### Task goal
The answer must be an exact copy of the lines from the top of the listing below through the line with "Intratuin bloempot Middy", with no pictures.
(Records for the exercise begins)
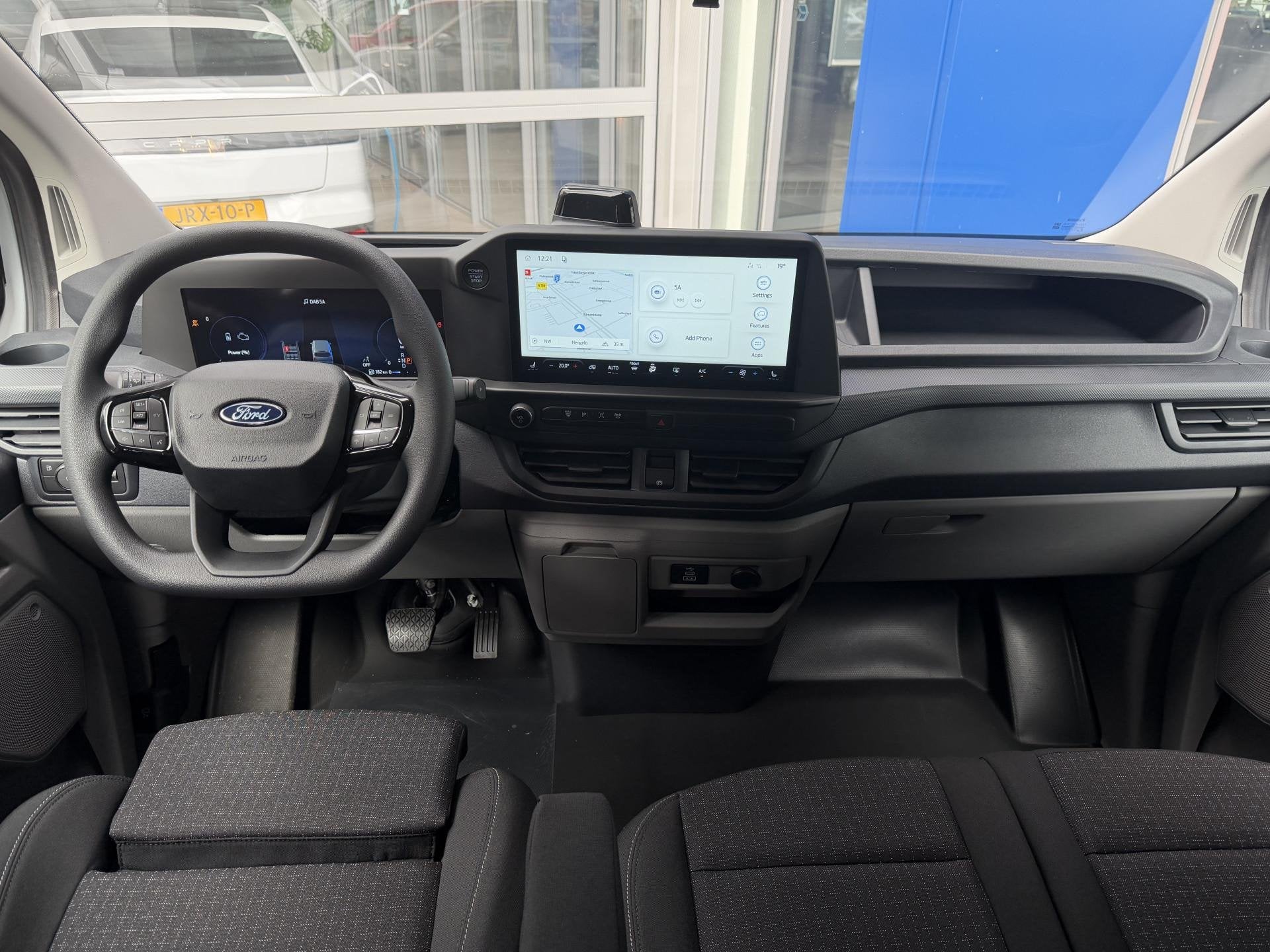 Ford Transit Custom Dubbel Cabine 320 2.5 PHEV L2H1 Trend |, Auto's, 12 maanden, Zwart, 4 cilinders, Wit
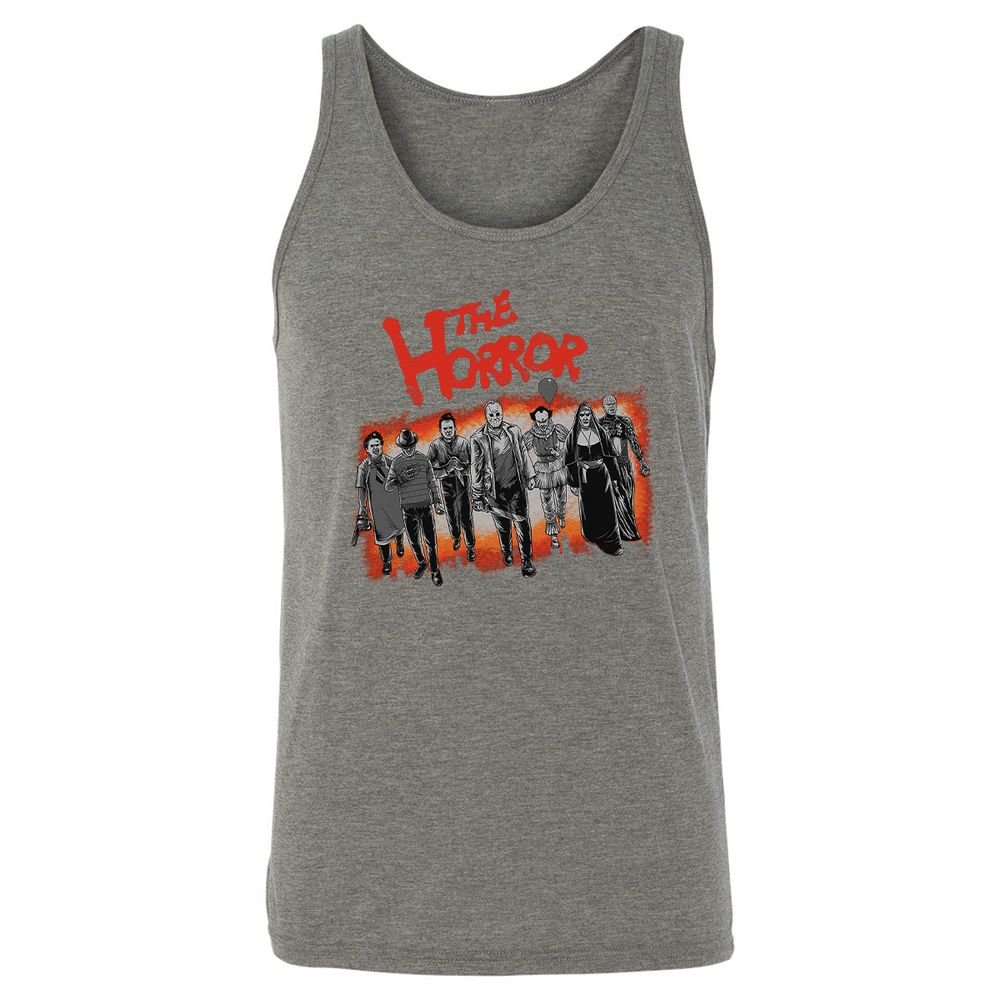 Unisex Jersey Tank - H8HQPAE9 - Grey Triblend - 8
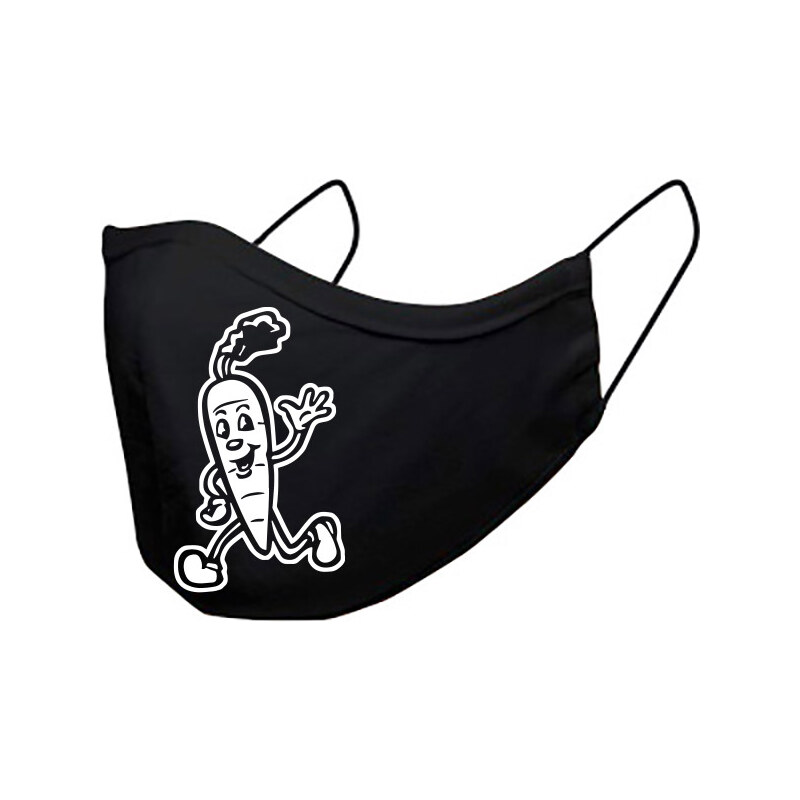 T-ričko Mrkva, detské rúško 3-vrstvové s gumou 21385602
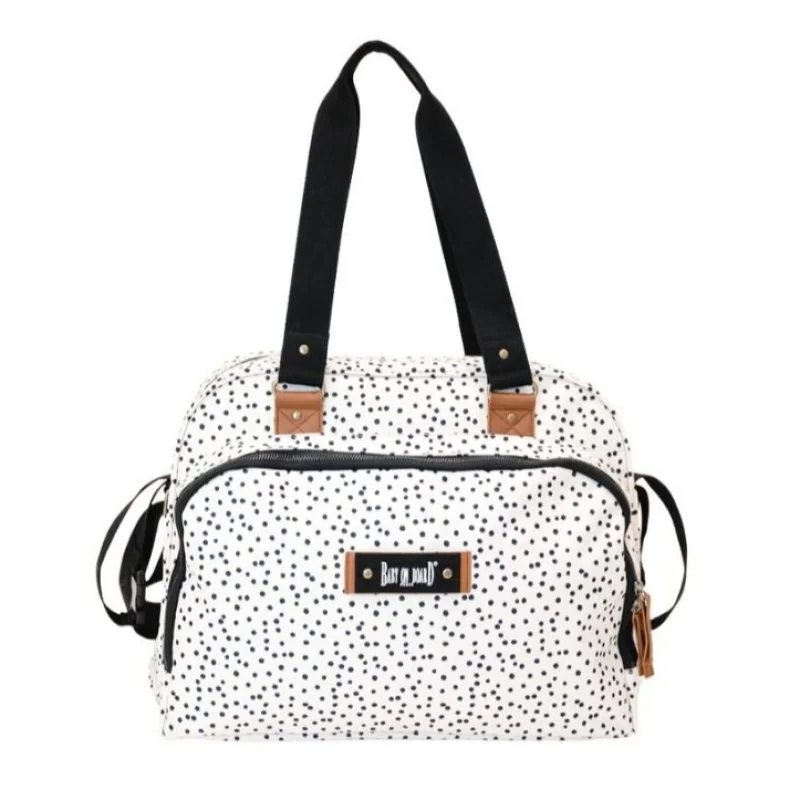 Baby on Board prebaľovacia taška Urban Dots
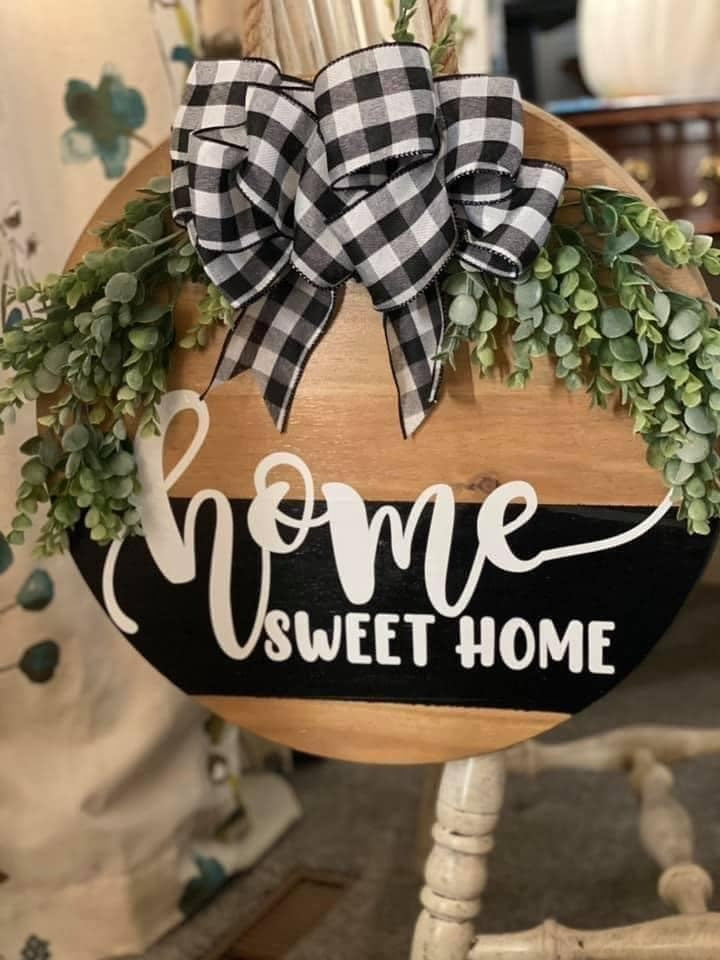Home Sweet Home -- Door Sign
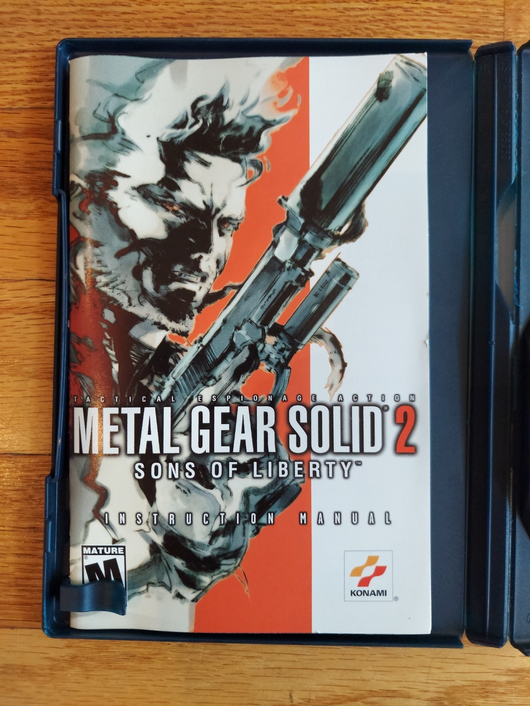 Metal Gear Solid 2: Sons Of Liberty (CIB) - PS2, Works, Fast Shipping!
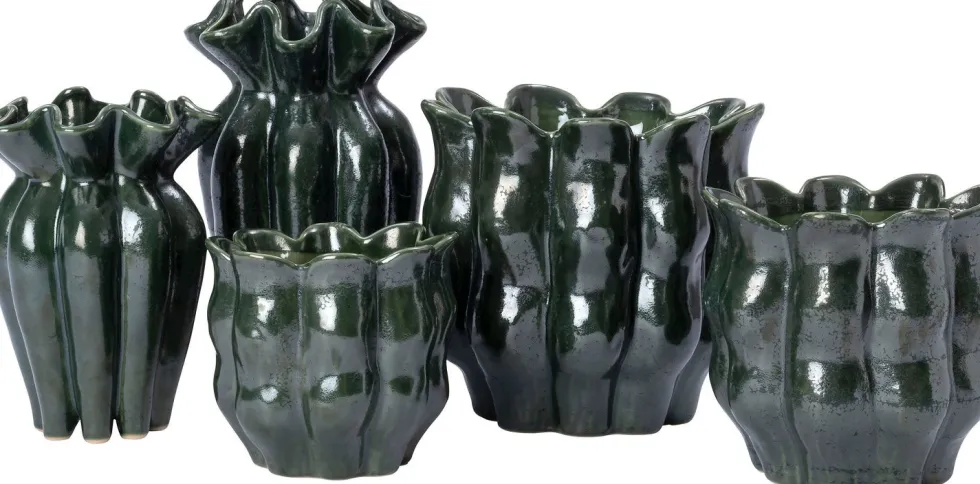 Intratuin bloempot Middy groen D 17 H 15,2 cm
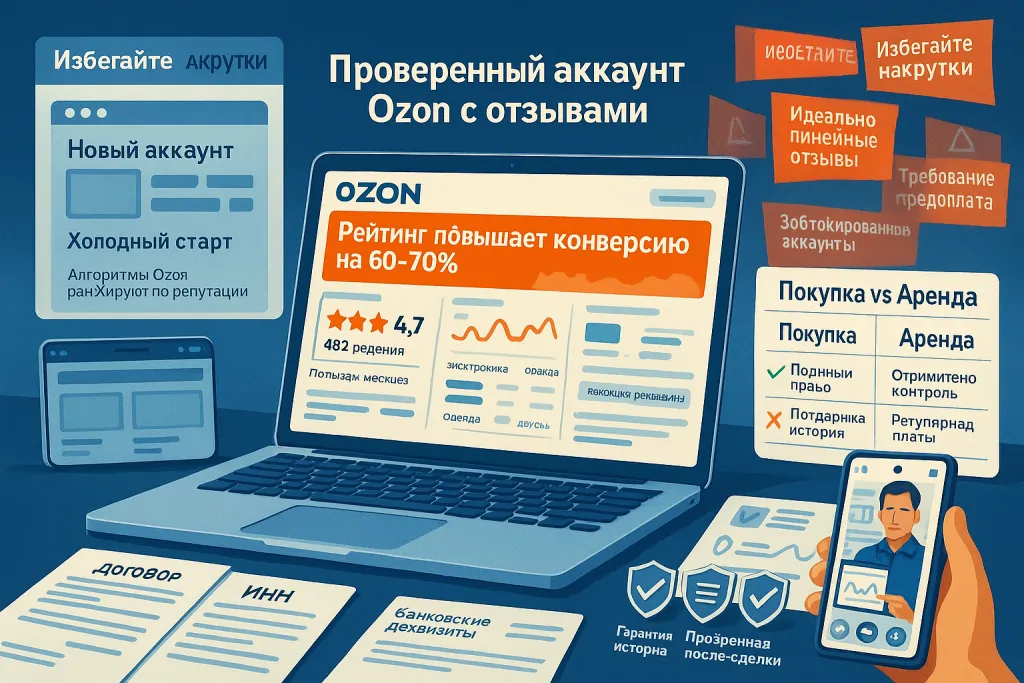 Как выбрать и купить проверенный аккаунт Ozon с отзывами и рейтингом для успешной торговли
(Records for the exercise ends)
### Solved problem
 Ford Transit Custom Dubbel Cabine 320 2.5 PHEV L2H1 Trend |, Auto's, 12 maanden, Zwart, 4 cilinders, Wit
 Unisex Jersey Tank - H8HQPAE9 - Grey Triblend - 8
 T-ričko Mrkva, detské rúško 3-vrstvové s gumou 21385602
 Baby on Board prebaľovacia taška Urban Dots
Home Sweet Home -- Door Sign
 Metal Gear Solid 2: Sons Of Liberty (CIB) - PS2, Works, Fast Shipping!
 Intratuin bloempot Middy groen D 17 H 15,2 cm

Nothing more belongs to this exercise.